In Substrait, all fields are dealt with on a positional basis. Field names are only used at the edge of a plan, for the purposes of naming fields for the outside world. Each operation returns a simple or compound data type. Additional operations can refer to data within that initial operation using field references. To reference a field, you use a reference based on the type of field position you want to reference.
|Reference Type||Properties||Type Applicability||Type return|
|Struct Field||Ordinal position. Zero-based. Only legal within the range of possible fields within a struct. Selecting an ordinal outside the applicable field range results in an invalid plan.||struct||Type of field referenced|
|Array Value||Array offset. Zero-based. Negative numbers can be used to describe an offset relative to the end of the array. For example, -1 means the last element in an array. Negative and positive overflows return null values (no wrapping).||list||type of list|
|Array Slice||Array offset and element count. Zero-based. Negative numbers can be used to describe an offset relative to the end of the array. For example, -1 means the last element in an array. Position does not wrap, nor does length.||list||Same type as original list|
|Map Key||A map value that is matched exactly against available map keys and returned. [TBD, can multiple matches occur?]||map||Value type of map|
|Map KeyExpression||A wildcard string that is matched against a simplified form of regular expressions. Requires the key type of the map to be a character type. [Format detail needed, intention to include basic regex concepts such as greedy/non-greedy.]||map||List of map value type|
|Masked Complex Expression||An expression that provides a mask over a schema declaring which portions of the schema should be presented. This allows a user to select a portion of a complex object but mask certain subsections of that same object.||any||any|
References are typically constructed as a sequence. For example: [struct position 0, struct position 1, array offset 2, array slice 1..3].
References must validate against the schema of the record being referenced. If not, an error is expected.
Masked Complex Expression¶
A masked complex expression is used to do a subselection of a portion of a complex record. It allows a user to specify the portion of the complex object to consume. Imagine you have a schema of (note that structs are lists of fields here, as they are in general in Substrait as field names are not used internally in Substrait):
struct: - struct: - integer - list: struct: - i32 - string - string - i32 - i16 - i32 - i64
Given this schema, you could declare a mask in pseudocode, such as:
0:[0,1:[..5:[0,2]]],2,3 OR 0: - 0 - 1: ..5: -0 -2 2 3
This mask states that we would like to include fields 0 2 and 3 at the top-level.
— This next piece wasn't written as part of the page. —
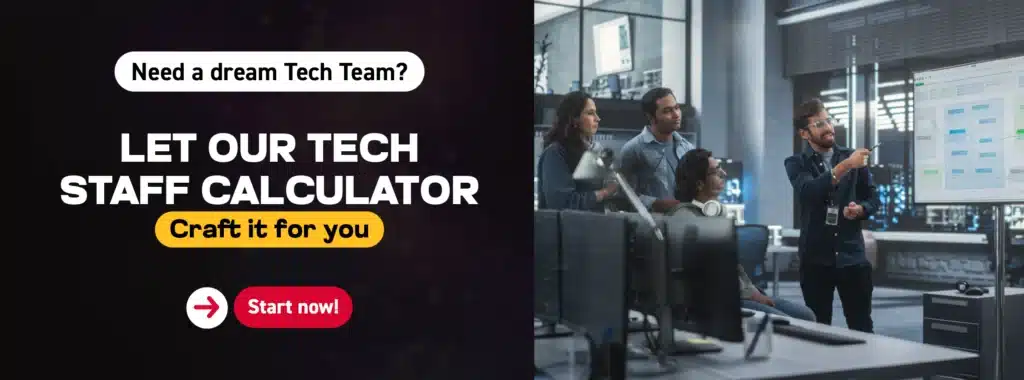 software development team calculator - it staff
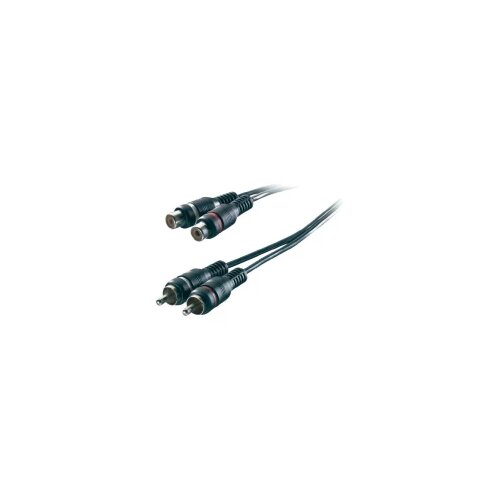 SpeaKa Professional Činč audio produžni kabel [2x činč utikač - 2x činč utičnica Cijene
Within field 0, we want to include subfields 0 and 1. For subfield 0.1, we want to include up to only the first 5 records in the array and only includes fields 0 and 2 within the struct within that array. The resulting schema would be:
struct: - struct: - integer - list: struct: - i32 - string - i32 - i64
By default, when only a single field is selected from a struct, that struct is removed. When only a single element is removed from a list, the list is removed. A user can also configure the mask to avoid unwrapping in these cases. [TBD how we express this in the serialization formats.]
- Should we support column reordering/positioning using a masked complex expression? (Right now, you can only mask things out.)